Page 1 of 1

Cobra compiler speed degradation (?)

PostPosted: Wed Oct 07, 2009 3:24 am
by hopscc
I was thinking about the cobra compiler the other day (not that its pertinent but I was digging a posthole at the time - one of the more pointless activities known to humankind)
and idly started wondering if the added features over the last months had affected the speed of compilation much.
I tend to watch the timeit value for the compiler to compile itself and dont think its changed from pre 0.8 release but if it drifted up by small increments on changes how much would I notice over time
and I thought as other changes get made in the future, how would you tell if things slowed down ? ( unless it happened in one big noticeable lump)

Well maybe we could get the compiler to tell us.

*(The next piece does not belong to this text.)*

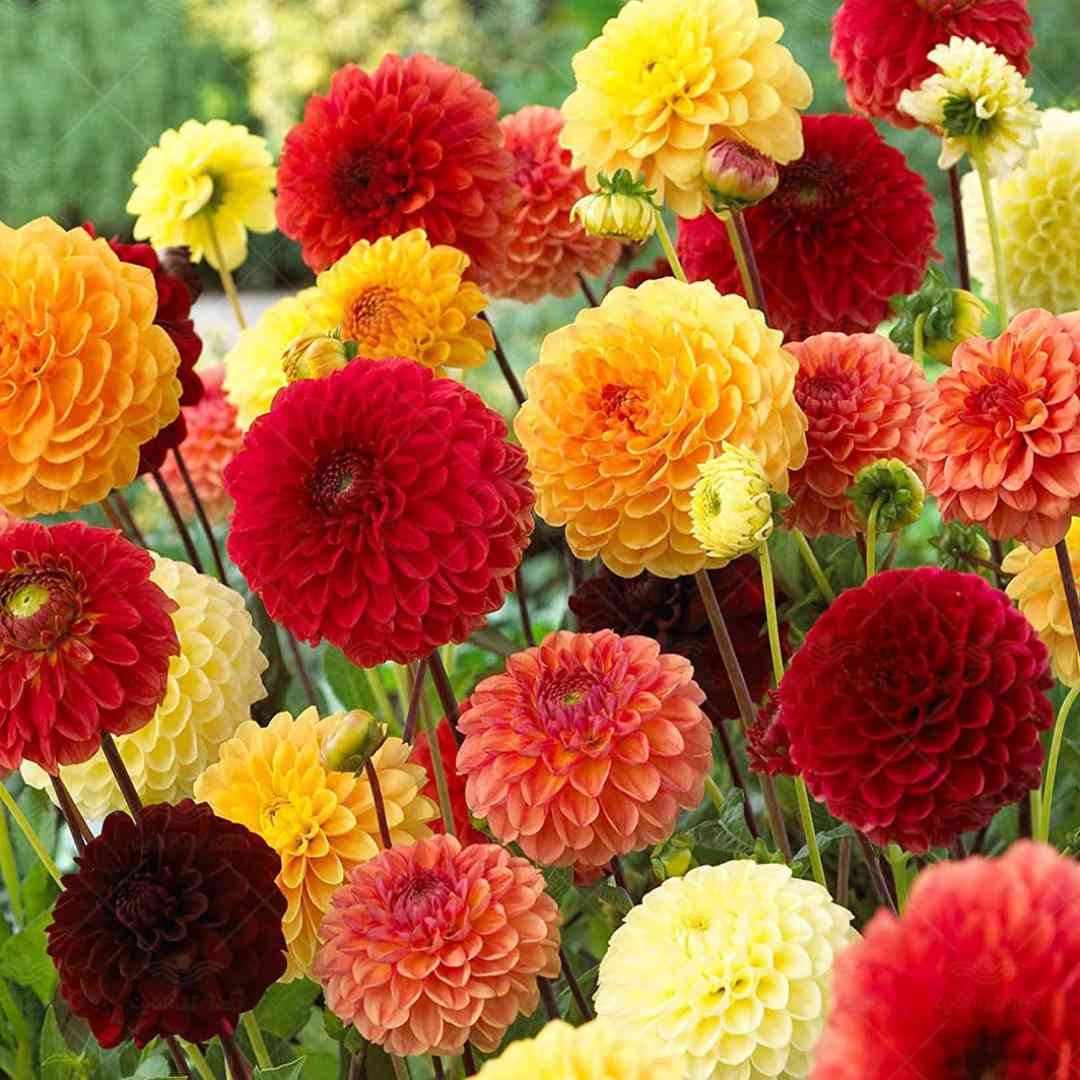  چرا دروغ بگم بت من نمیخوام دلتنگت شم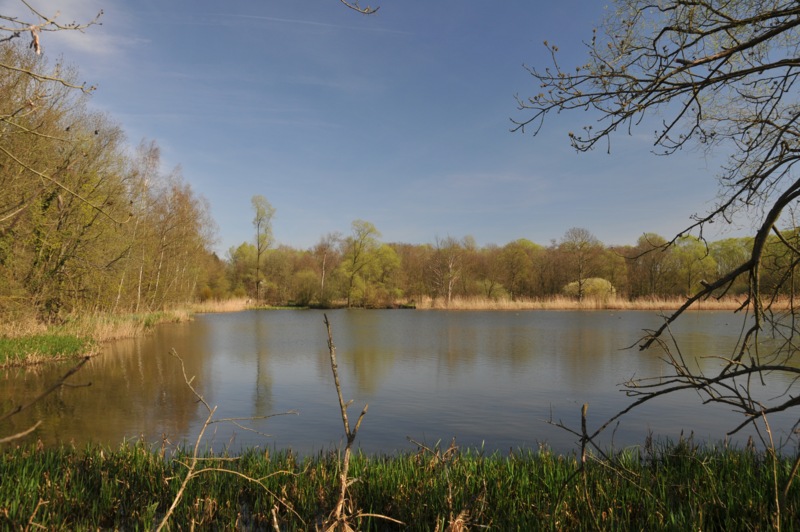 Tender – Geophysical investigations for geothermal exploration in Brabant Massif, Belgium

What if to the -timeit count we added a lines-compiled/sec calculation ( #lines in all compiled files/timeit time corrected perhaps for running the BE compiler) .
I'd expect for compiling the same files ( the compiler itself) the value would perhaps drift over a small range but could give you an idea of any significant degradation once a baseline was established

Does anyone else think this would perhaps be useful to have as a small performance sanity check on changes/additions ??

The thought is the deed so I implemented support for this on my system but have only been using it intermittently on my development compiler (compiling tests and little programs) not the snapshot.
The values are all over the place ( from 10s lines/sec to 1000s) - it looks like small single files compile much slower than many big files which indicates to me at least that the compiler is (for the cases I tried ) bound by its startup overhead.... but maybe its just wobble

Is it worthwhile to continue down this path , Should I post the changes as a patch ?

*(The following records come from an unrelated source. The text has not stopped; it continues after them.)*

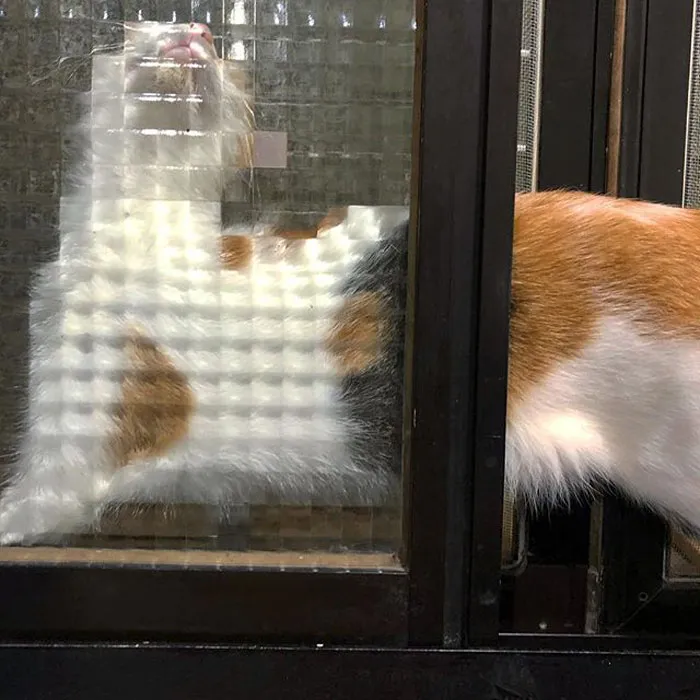 25 Times People Spotted Pixel Cats In Real Life And Just Had To Share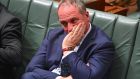 Barnaby Joyce: he had to resign in October from parliament when it emerged he was entitled to New Zealand citizenship through his father. Photograph: Mick Tsikas/AAP/via Reuters 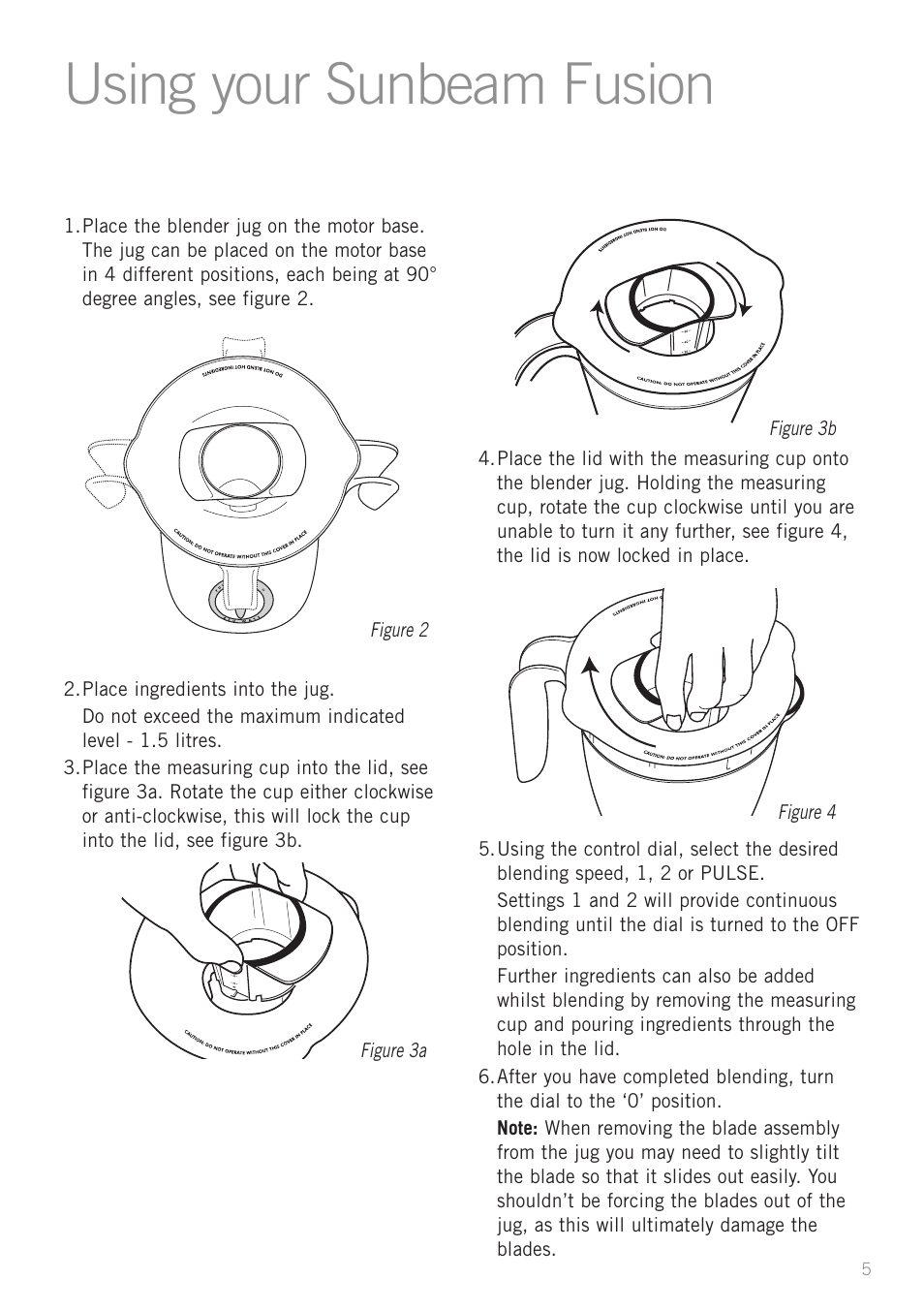 Using your sunbeam fusion | Sunbeam PB4200 User Manual | Page 7 / 25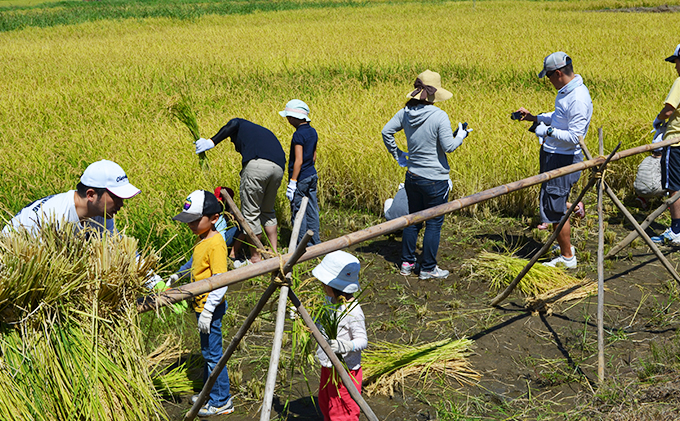 田植え体験・稲刈り体験パック型コース 田植え 稲刈り 田んぼ 体験 チケット 体験チケット 新米 農業 九十九里町 千葉県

Re: Cobra compiler speed degradation (?)

PostPosted: Wed Oct 07, 2009 7:18 am
by Charles
The self compilation time will creep up due to the code base growing. So then it becomes even more interesting to get stats on compilation speed that take source size into consideration. But I've always thought that a count of AST nodes would be more accurate than pure lines:
# not all lines are created equal
x = 1
# vs.
if foo.bar(a.x, b.y) < foo.bar(0, 1), print foo

In terms of performance, I recently did a few optimizations, using the ANTS profiler, but more speed is always welcome. Here are some ideas:

-- The tokenizer/lexer is still the slowest component of the compiler. In addition to optimizing it directly, it might be useful to run it in threads. Anyone with a hyperthreading and/or multicore computer would benefit.

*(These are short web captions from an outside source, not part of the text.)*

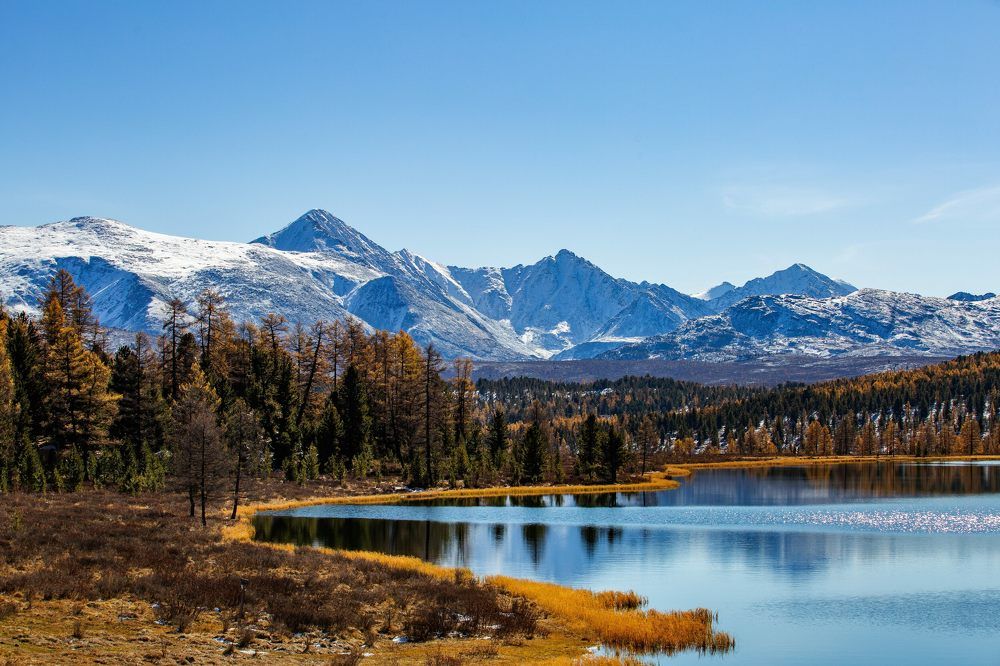 Photograph by Поляков Алексей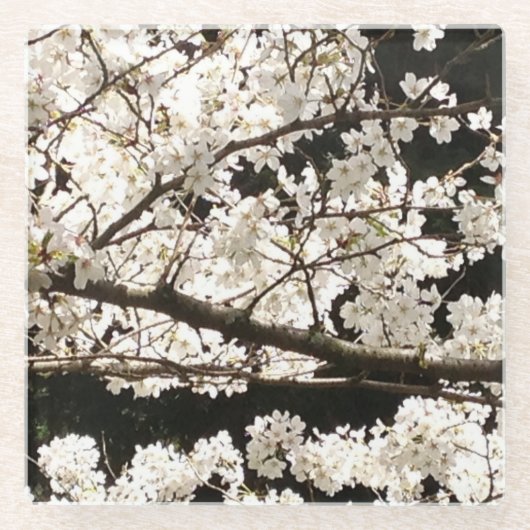Dessous-de-verre En Verre Arbre à bois de chien en fleurs blanches, closeuse (Devant)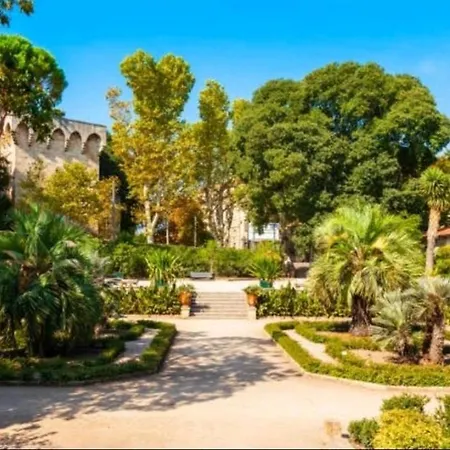 Barnabe : Nid Douillet Perche En Plein Centre Historique. Appartement *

-- The expression "s in ['foo', 'bar']" is a slow expression because it creates a new list every time even though the immutable nature of strings and temporal nature of that list means that it would not have to. This comes up in the parser quite a bit and shows up high on the profile. So InExpr could generate faster code in some cases. Basically if the right hand side is a list or set literal containing primitive literals (there may be other cases, but this is the one that comes up often).

-- The compiler phase "bind implementation" is one of the expensive phases and it is probably amenable to threads as well due to the private nature of method implementations.

-- Locating extension methods is still a source of slow down (although not as bad as before). Smarter caching could be done here, I think.

-- The compiler does a regular assembly load instead of a reflection-only load which would not only be faster, but more appropriate. However, I had problems with reflection-only assembly loading on old versions of Mono (1.x days) which is why I did the regular load.

-- If we can get the Mono C# compiler working on .NET then on .NET we can drop the extra disk I/O and process invocation. We have that now on Mono. AND we can explore the idea of generating their nodes directly which would skip their lexer and parser.

Getting back to AST node count, we could have a "def nodeCount as int" method on nodes and override to count subnodes. Or get fancy and use reflection on properties (although we may need to mark properties to indicade subnodes). See .hasError and SubnodesAttribute for ideas on these two approaches.

-Chuck

Re: Cobra compiler speed degradation (?)

PostPosted: Sat Oct 24, 2009 4:13 am
by hopscc
Heres a patch file that provides a display of the count of lines, nodes and tokens compiled (when -timeit is specified) and a calculation of n{lines,nodes,tokens)/sec compilation speed.

I implemented the nodes count as an additional phase using a visitor rather than augmenting the node items directly (separation of functions)
- this necessitated providing some accessor properties for some of the Syntax nodes.
Dunno if the node walking calculation is 100% correct but it is perhaps somewhat representative (and if nothing else provides an example of accessing the AST nodes down to expressions).

On my system the results when compiling the compiler look like this;
Code: Select all
 ../Source > ./mkcobcsh
Compilation succeeded
timeit = 00:00:30.8697907
38854 lines compiled = 1258.67 lines/sec
113110 nodes compiled = 3664.19 nodes/sec
206523 tokens compiled = 6690.30 tokens/sec
../Source >

Re: Cobra compiler speed degradation (?)

PostPosted: Sun Oct 25, 2009 12:38 am
by Charles
Applied but 2 problems:

-- The time includes the *run-time* of the program which skews and invalidates the "per second" stats.

-- No test case. Don't need a lot of verification, but certainly want to do a basic test.

I don't have time for these right now so I added ticket:182.